:: Assignment ::
Write out the lines below once more, exactly as they appear. Do not include pictures.

:: Data segment ::
Content starts
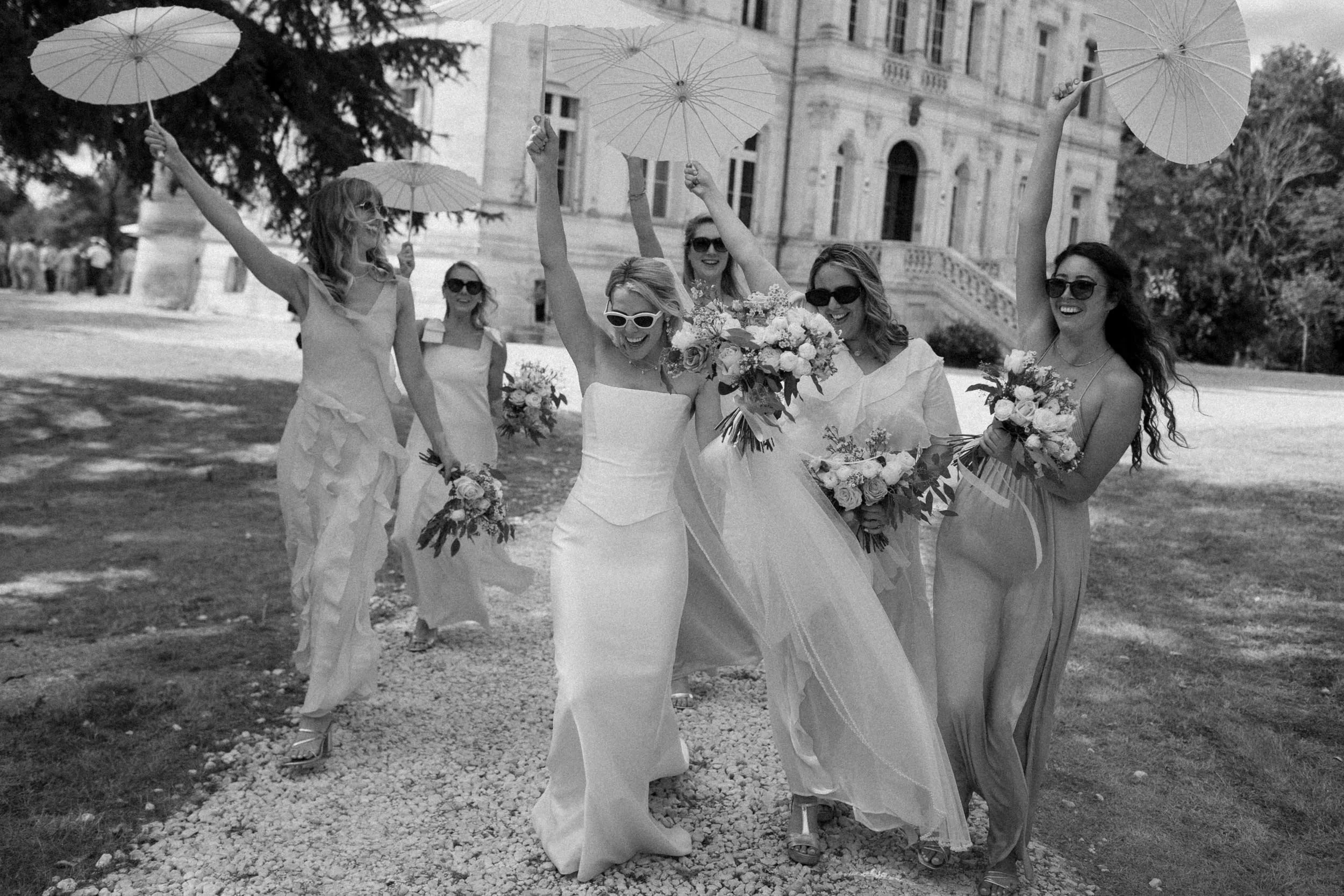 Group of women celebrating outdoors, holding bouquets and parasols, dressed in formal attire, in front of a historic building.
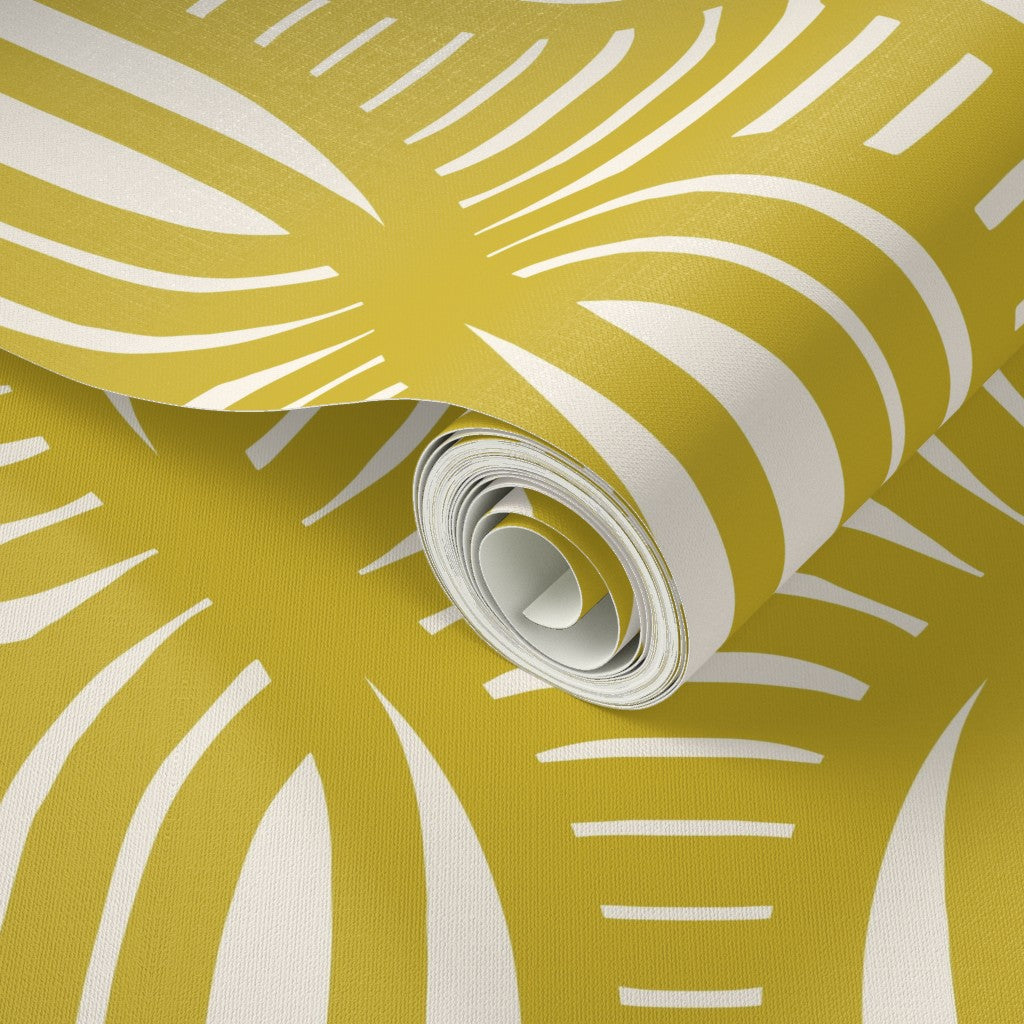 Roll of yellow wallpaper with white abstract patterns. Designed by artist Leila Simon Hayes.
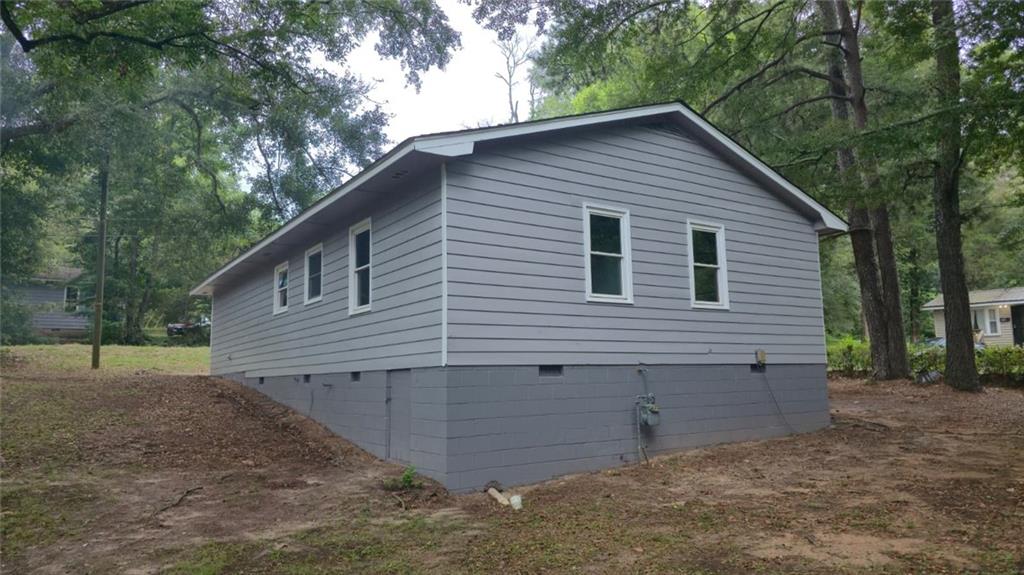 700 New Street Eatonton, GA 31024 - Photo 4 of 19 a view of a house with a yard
Content ends
:: Written solution ::
 Group of women celebrating outdoors, holding bouquets and parasols, dressed in formal attire, in front of a historic building.
 Roll of yellow wallpaper with white abstract patterns. Designed by artist Leila Simon Hayes.
 700 New Street Eatonton, GA 31024 - Photo 4 of 19 a view of a house with a yard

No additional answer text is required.